The pitfalls of online dating… if you’re married and looking for sex slaves

seeking-arrangementsPeople have many reasons for pooh-poohing privacy. One reason is that privacy allows us to do bad things. A person without privacy is a well-behaved person.

In addition to letting you get away with bad things, keeping your affairs private can get you into trouble. Like, for example, if you were a Connecticut family man with millions in the bank who likes to occasionally do some online surfing for lascivious extracurricular entertainment. A person without privacy can’t maintain a secret sex life causing him to be blackmailed for hundreds of thousands of dollars:

Stephen Dent was perceived, above all, to be a family man, playing ice hockey with his two sons on the weekends, vacationing in Palm Beach and Nantucket.

But behind closed doors, the 54-year-old Greenwich, Conn., multimillionaire was a “sugar daddy” and “slave master” who courted his “sugar babies” online, lavishing them with thousands of dollars in exchange for companionship and kinky sex, according to court records.
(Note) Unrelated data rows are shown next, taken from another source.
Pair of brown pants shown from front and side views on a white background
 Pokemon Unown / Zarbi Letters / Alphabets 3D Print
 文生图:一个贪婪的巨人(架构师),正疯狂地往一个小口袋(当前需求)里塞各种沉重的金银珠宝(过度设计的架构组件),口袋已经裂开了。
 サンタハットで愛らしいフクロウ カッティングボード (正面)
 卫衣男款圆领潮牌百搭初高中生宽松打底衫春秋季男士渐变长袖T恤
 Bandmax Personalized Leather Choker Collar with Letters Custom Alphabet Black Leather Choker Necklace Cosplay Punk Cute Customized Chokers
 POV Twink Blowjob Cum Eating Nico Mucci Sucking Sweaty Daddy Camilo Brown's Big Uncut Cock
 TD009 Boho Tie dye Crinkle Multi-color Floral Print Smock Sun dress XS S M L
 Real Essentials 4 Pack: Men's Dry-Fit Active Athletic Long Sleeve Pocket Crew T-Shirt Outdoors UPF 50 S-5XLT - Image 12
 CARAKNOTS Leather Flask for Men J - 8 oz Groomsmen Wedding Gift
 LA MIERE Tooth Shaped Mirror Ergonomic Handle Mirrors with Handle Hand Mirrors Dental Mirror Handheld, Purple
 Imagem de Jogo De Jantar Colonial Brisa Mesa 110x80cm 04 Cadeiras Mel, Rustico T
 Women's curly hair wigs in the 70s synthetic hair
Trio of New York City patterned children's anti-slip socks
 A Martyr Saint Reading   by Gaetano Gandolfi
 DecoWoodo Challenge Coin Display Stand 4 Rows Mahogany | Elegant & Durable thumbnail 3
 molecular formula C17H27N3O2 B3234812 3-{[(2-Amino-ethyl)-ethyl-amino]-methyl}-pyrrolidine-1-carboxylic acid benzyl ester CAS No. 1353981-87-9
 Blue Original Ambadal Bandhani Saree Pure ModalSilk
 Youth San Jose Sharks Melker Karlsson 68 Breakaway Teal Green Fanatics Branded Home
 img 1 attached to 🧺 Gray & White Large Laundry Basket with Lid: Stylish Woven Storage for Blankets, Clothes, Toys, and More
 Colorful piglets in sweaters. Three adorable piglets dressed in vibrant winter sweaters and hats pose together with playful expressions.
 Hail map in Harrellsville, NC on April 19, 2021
But his sex life turned sour because he was repeatedly extorted over his flings with numerous sugar babies on the dating Web site SeekingArrangement.com, according to court records. Now police are charging a young couple with blackmailing Dent.

Court records revealed that Dent — a New England blue-blood and worth $100 million — was the “nameless victim” in at least three sexual blackmail plots, paying out more than $200,000 to keep his online sex life secret.

via Sugar Daddy Sites Attract Sexual Blackmailers – ABC News.

Dent, a Du Pont heir, likely tried to conceal his identity to avoid a blackmail situation. Maybe he had some clever pseudonym (“LookingForInDenturedLove”) for courting the 20-somethings who populate these sites. Brandon Wey, the site’s founder told the Greenwich Time, “He is obviously doing something wrong because no one else is having this problem.”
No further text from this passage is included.